In a modified SMR process with 100% NH3 feed, a few process parts are no longer needed, e.g. the desulfurization, pre-reformer, water gas shift section and condensate systems (refer to scheme).

This leads to reduced OPEX and higher reliability since the respective catalyst-containing vessel can be bypassed and therefore don't need regular monitoring or catalyst replacement. This also can reduce overall pressure drops within the system.

On the other hand, the process can include a few additional units for NH3 handling. Some non-limiting examples may include NH3 storage, a feed supply (pump+vaporizer) and optionally an additional water scrubbing downstream the reactor.

The ammonia cracking reaction requires much less heat per hydrogen molecule than the steam methane reforming reaction. For the case of 100% ammonia as feedstock no process steam is required, because carbon formation of hydrocarbons at too high temperature or heat flux or because of lack of process steam is not an issue anymore. This reduces the required process heat further or alternatively allows to convert more ammonia to hydrogen and increase the hydrogen output of the existing unit.

In a standard steam reforming process, the addition of process steam provides significant waste heat on the process and firing side, both leading to a reduced thermal efficiency of the plant. Process steam is cooled and condensed in the syngas cooling train preheating the feedstock and other process streams.

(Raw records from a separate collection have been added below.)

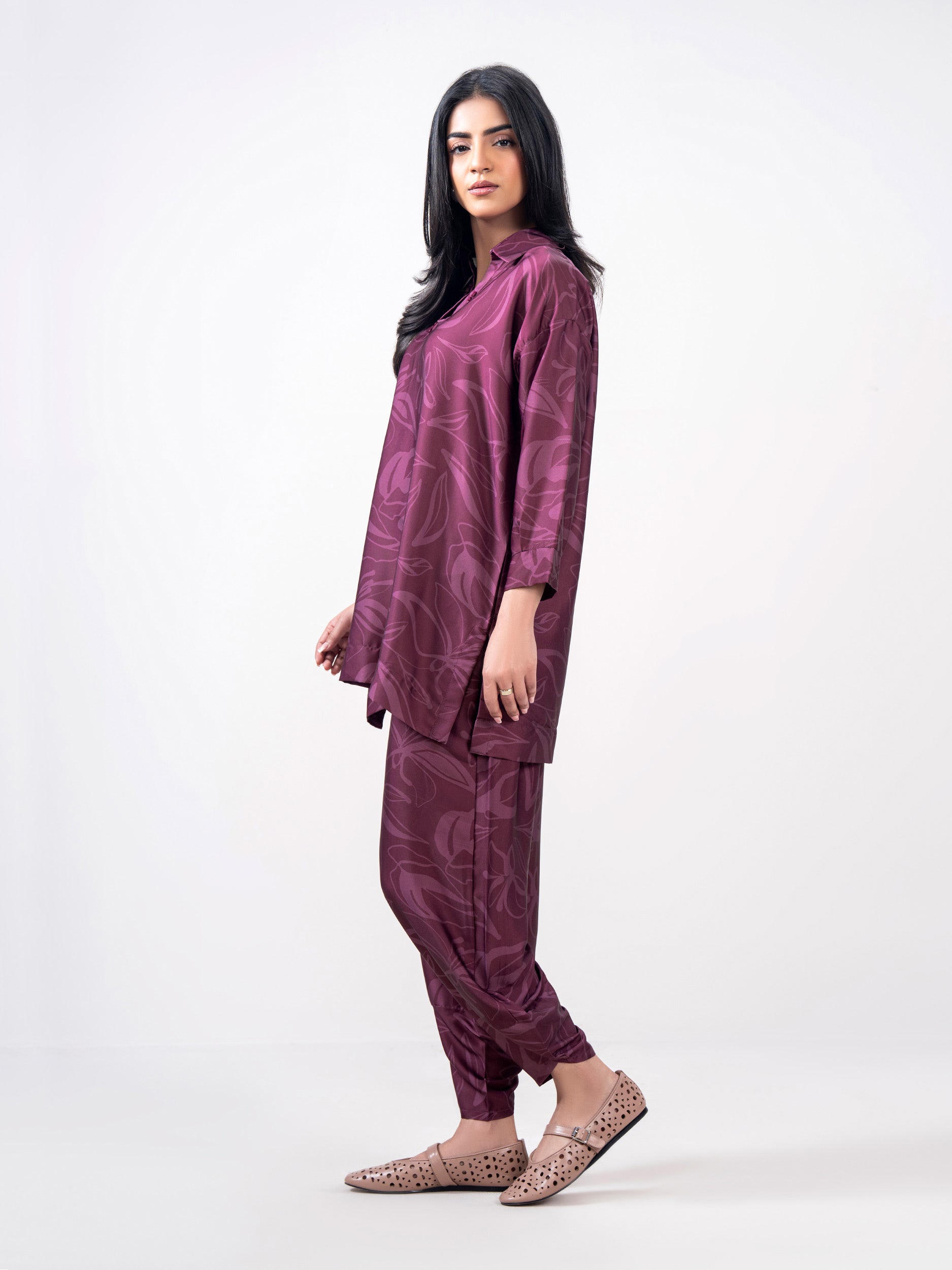 2 Piece Silk Suit (Pret)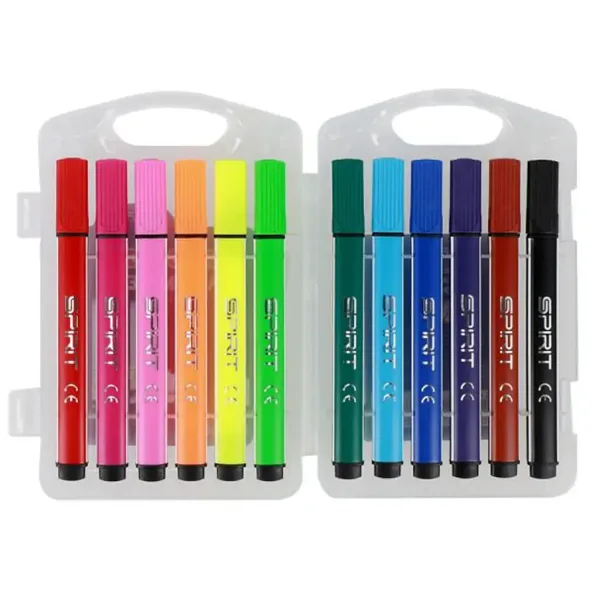 Spirit: Set di 12 pennarelli triangolari spessi Jumbo Trio immagine 2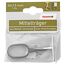 Mittelträger oval 30 x 15 mm nickelfarben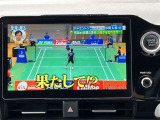 ドライブの休憩時に地デジやDVDの視聴が可能です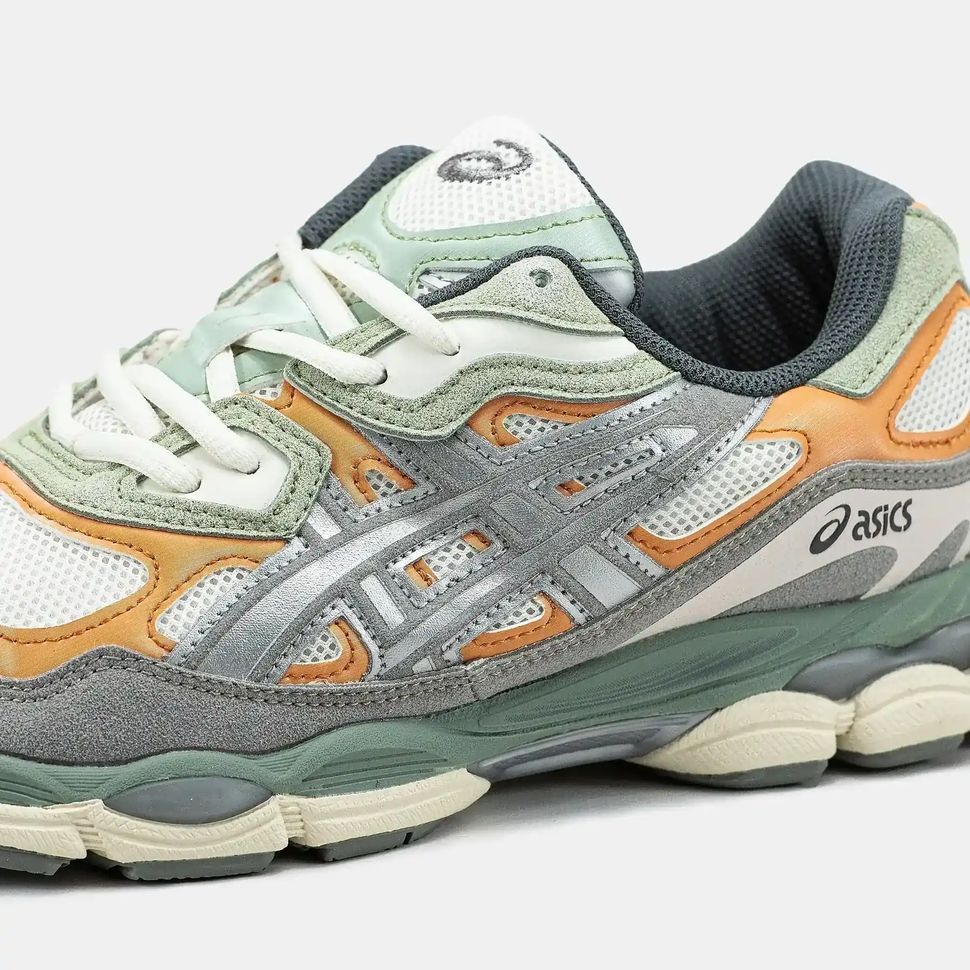 Asics Gel-NYC Grey Orange Green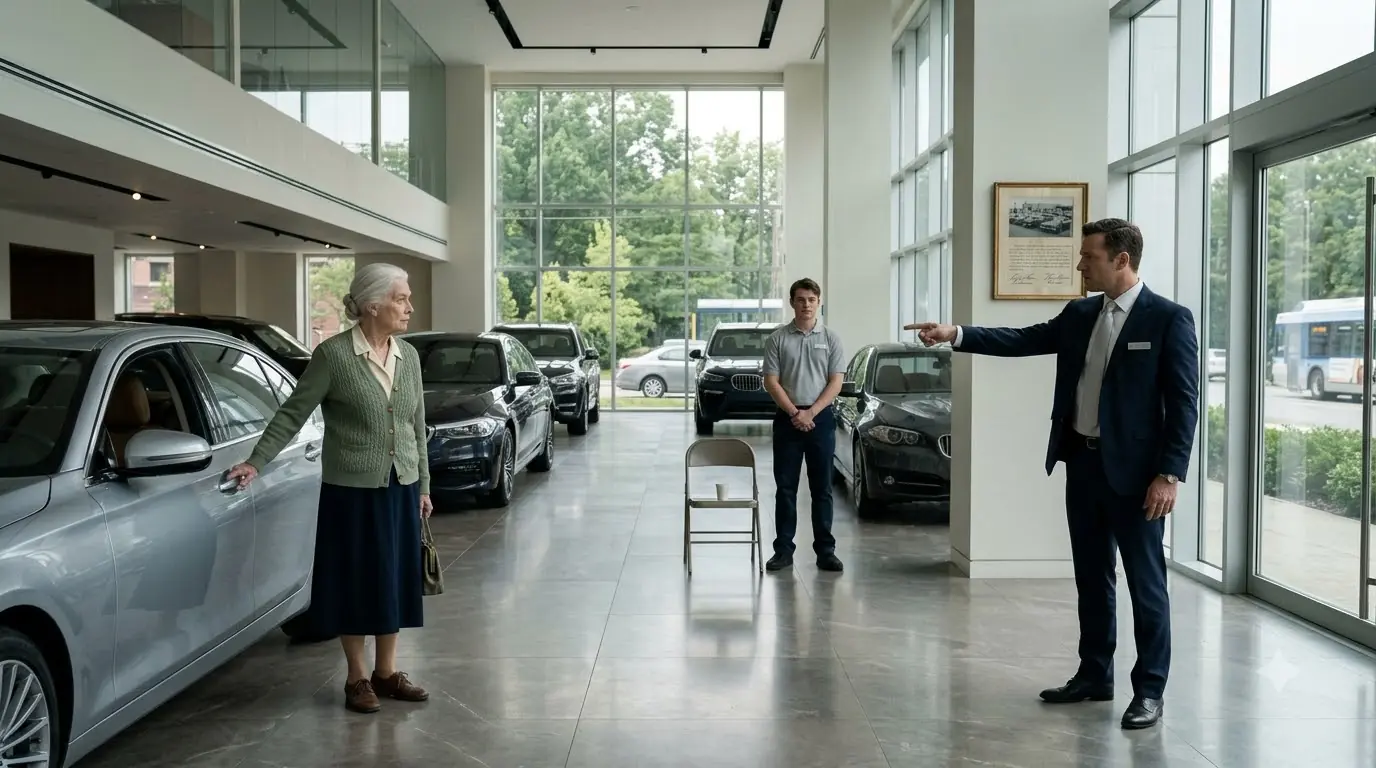 Salesman Mocked a “Poor” Old Lady — She Was the Billionaire Who Owned the Place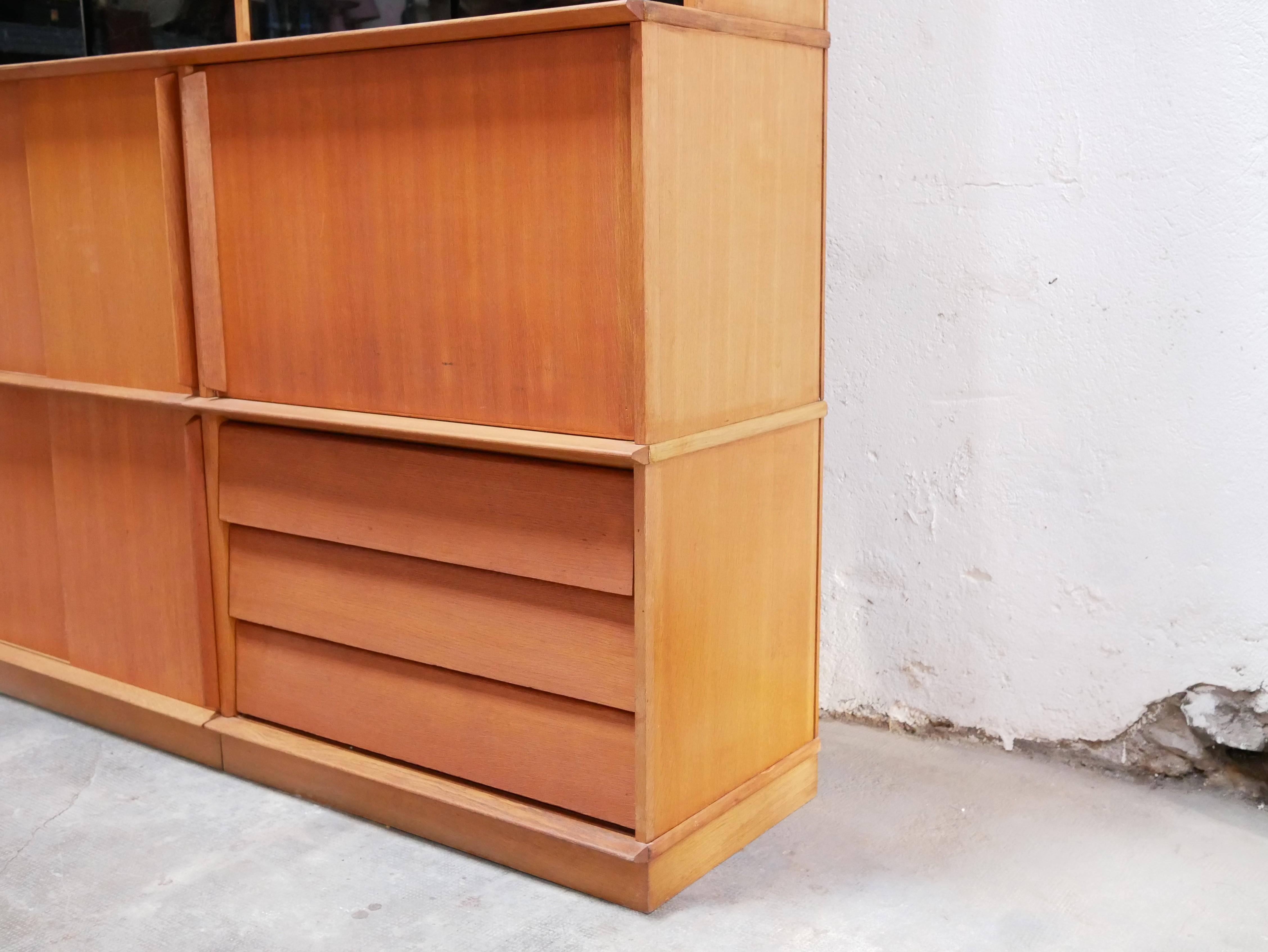 Showcase bookcase by Didier Rozaffy for Meubles Oscar editions For Sale 12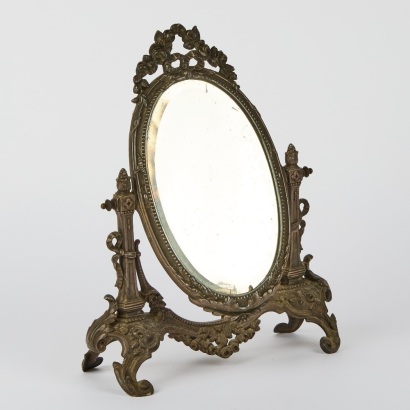 An Antique Louis XVI Style Table Mirror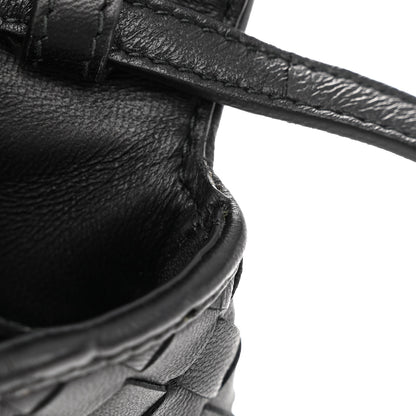 Bottega Veneta Nappa Intrecciato Crossbody Messenger Flap Black 10 of 10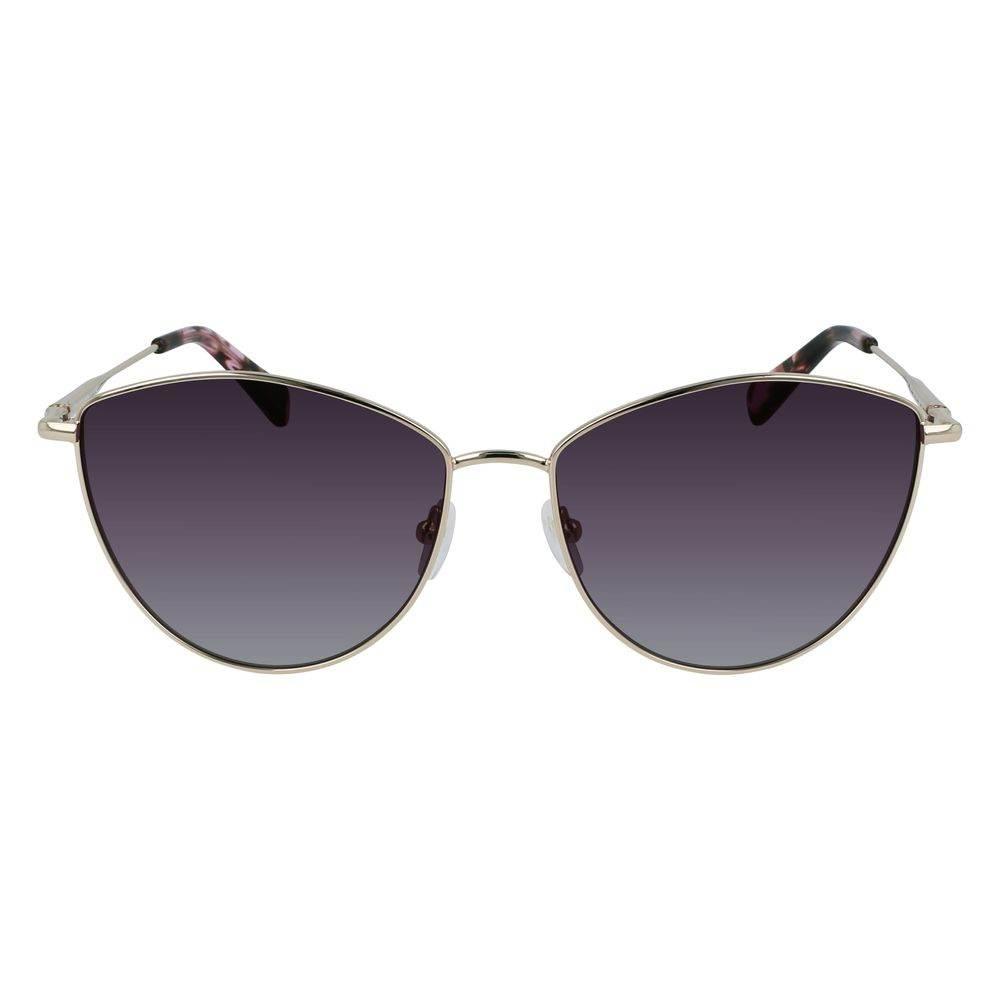 Longchamp Gold Metal Sunglasses - Hilstor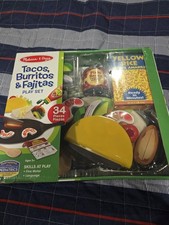 Melissa Doug 34 Piece Tacos Burritos Fajitas Playset Factory Rare New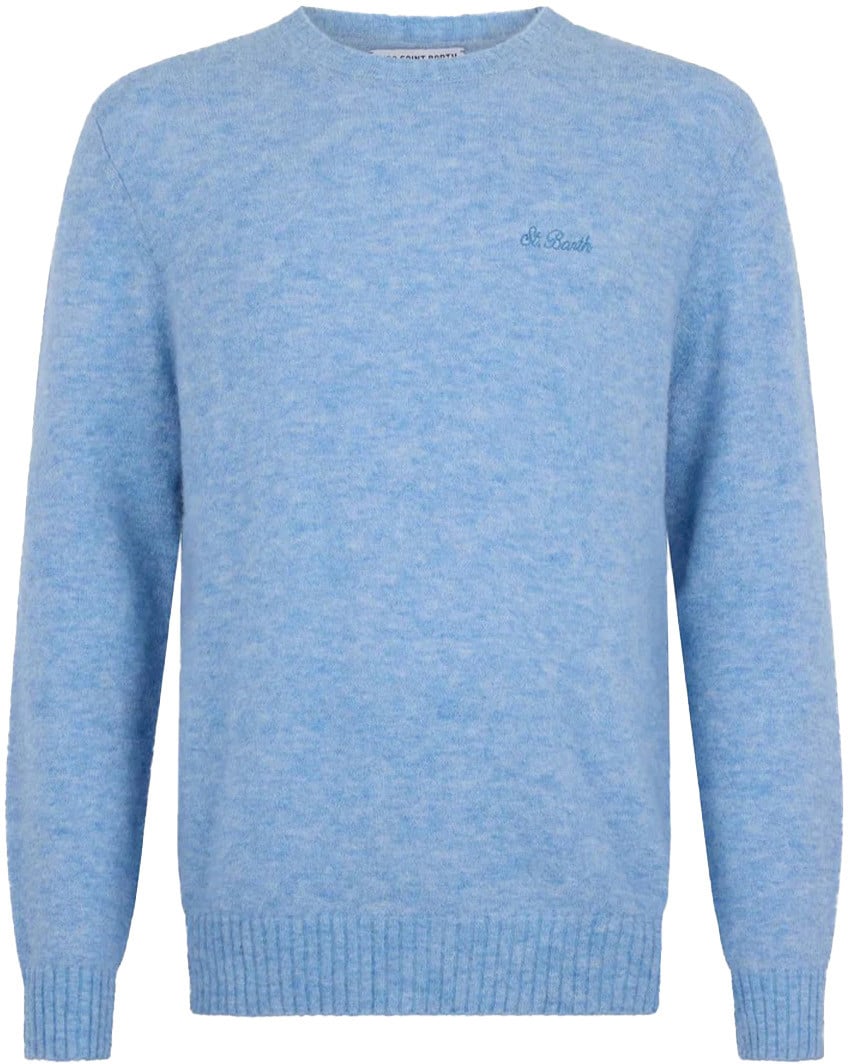 MC2 Saint Barth Sweaters Blue Blauw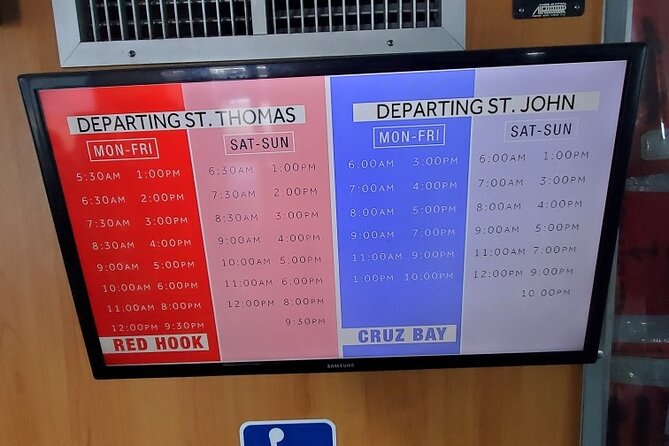 Paradise Taxi & Tours USVI- St. Thomas - Airport Transfer to Red Hook Ferry - What the $160 group fare is really worth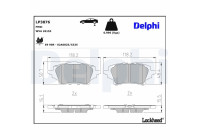 Brake pad set, disc brake LP3876 Delphi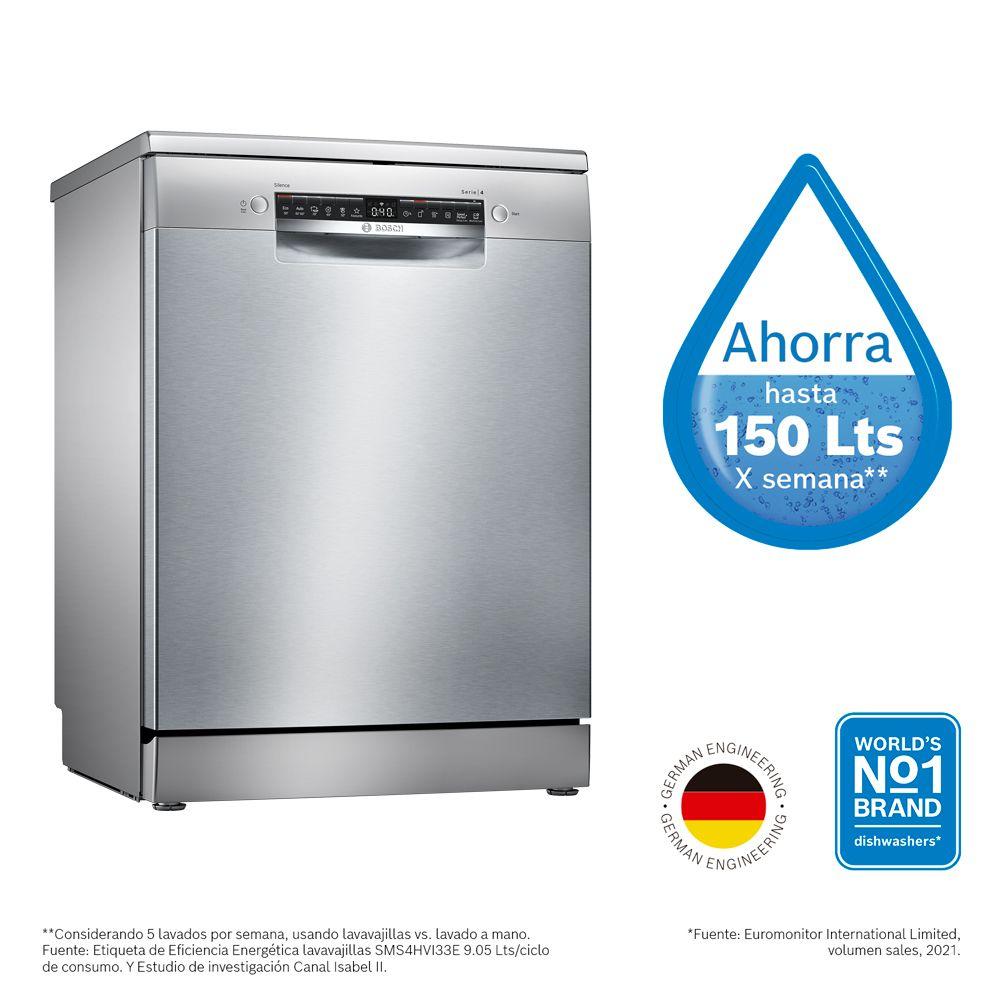 Lavavajillas Bosch Libre instalación 60cm antihuellas Serie4-3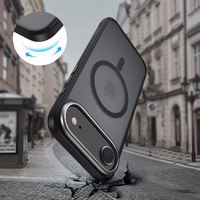 Tech-Protect MagEdge Magnetinis dėklas telefonui iPhone 17 Air - matinė juoda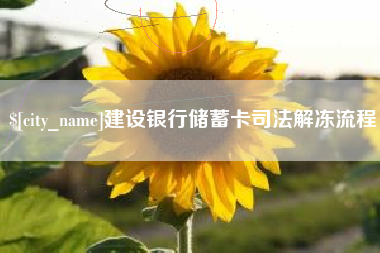 济宁建设银行储蓄卡司法解冻流程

In case of 100% ammonia feedstock, elimination and minimization of process steam is desired to maximize the thermal efficiency to maximize the hydrogen product to ammonia feed ratio. As a result, much less waste heat is available on the process side of the unit, which is insufficient for preheating and vaporizing the ammonia feedstock.

At the same time, less firing heat is required for cracking ammonia, so waste heat contained in the flue gas is less and is available only at lower temperatures

A flow scheme for purely NH3-based H2 production is shown in FIG. 1. Ammonia is stored in a suitable storage vessel 1, preferably either as refrigerated fluid at −33° C. and ambient pressure or at elevated pressure and ambient temperature. The liquid NH3 feed is moved by means of a liquid pump 3 against the system pressure (5-40 bar) into the SMR system, where it is bypassing potentially existing feed-pretreatment units 20, 40 (hydrogenation, H2S adsorption, pre-reforming), preheated in the NH3 preheating section 10, 30 where NH3 is vaporized and heated to suitable inlet conditions of 300-650° C. A part of the NH3 stream may be used as fuel 45 in the SMR furnace 50 if the heating value of the waste gases from the PSA is not sufficient for heating the reaction. In addition, a part of the H2 or the Syngas stream can be used as fuel as well in order to debottleneck the existing heat exchangers. The preheating can be done using a hot stream within the waste heat recovery section 10, 30, 90. For example, flue gas 54 can provide the heat energy for waste heat recovery section 30. While this feature is not shown in an effort to not further complicate the figures, the invention should not be so limited to what is show explicitly in the figures.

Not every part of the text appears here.